No matter how many times we talk, I still feel like he is letting life happen to him and avoiding any responsibility for his own actions (or inactions). I do not want to live my life like that any longer – I have let it go on for too long, and I don’t see how to continue with him if he can’t see any need to change how he is approaching things.
((())) I hope that whatever decision you make, it gives you peace.
Thank you, Kim.
AM,
I am sorry it has taken me so long to visit your blog. I did not realize things were so bad at home. I cannot and will not tell you what decision is best for you, but I would like to offer some insight about the process of going through a divorce and my relationship with God during my own divorce from my first husband.
Our relationship was different than the characters in my novel, but he did have issues with partying and even occasional drug use, so my decision was based on the fact that I knew he would not change because of his own untreated or self-treated depression and addictive personality. He refused to go to counseling at all until the day before the divorce papers were served and by then it was too little, too late. Thankfully, we had no children so contact after the divorce was not an issue.
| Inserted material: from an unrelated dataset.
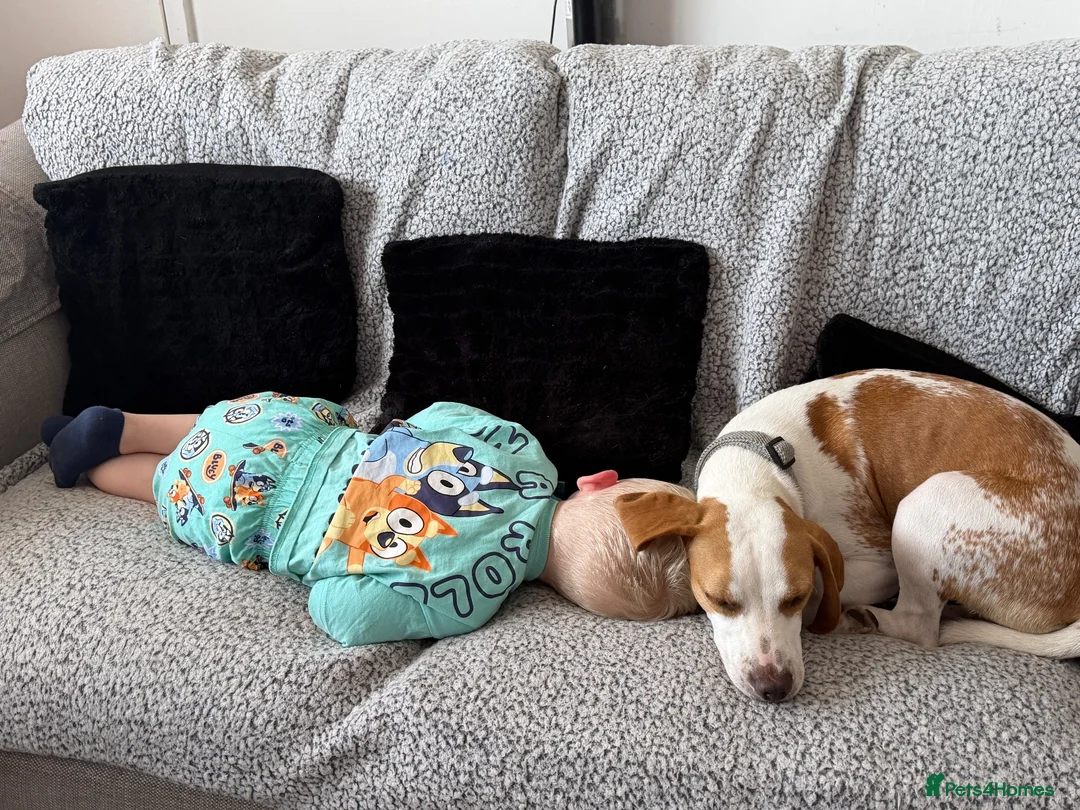 Beagle dogs for sale: Teddy beautiful beagle boy - Advert 2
Still, I did much soul searching before making my decision and even though I feel I made the right decision the actual process was painful. We had only been married for nine years although he had been apart of my life for three years before we got married. (Nurses try to save the world, and I guess it took me a while to realize I could not save him.)
I was taking an Adult Spiritually and Growth class at the time and really studying each lesson and doing meditative prayers. I sincerely believe I got the message loud and clear that God would love me no matter what decision I made and that I had to make the best decision for me.
I did my best to make the decision as painless as possible and even covered the entire costs of the divorce and paid my ex-husband to get him out of my life, but the divorce still caused both of us to have financial hardship for months afterwards. I guess what I am trying to get across is that divorce is not just an emotional process. It affects finances too. That is not to say that you should stay married for that reason, but just to make you aware that this too can cause emotional stress and this can cause even more anger on both sides.
Plus, realize that you, your husband, and your son will all need time to heal if you do get a divorce. I spent over a year doing this with a support group and with private counseling and even then, I did not trust my judgment when I met my current husband. Thankfully, I had help to deal with this and he was and is very supportive.
Weigh everything out and keep praying and I am sure you will make the best decision for you and your family.
Keeping all of you in my prayers!
Hugs,
Sue
Sue,
I cannot tell you how much I appreciate your comment and all that you have shared with me. I think the financial concerns are the other big issue that has kept me from facing the situation, but I am really working hard on that area now as well.
Thank you so much. You have given me a lot of chew on.
AM
Glad to help!
Hugs,
Sue
I am sorry to learn that you are going through a trying time. I wish I had the wisdom to offer you advice.
I offer you my support and respect during this difficult time.
Lori
And I so appreciate both of those things, Lori. It helps to know there are a lot of people who care about me when things are difficult.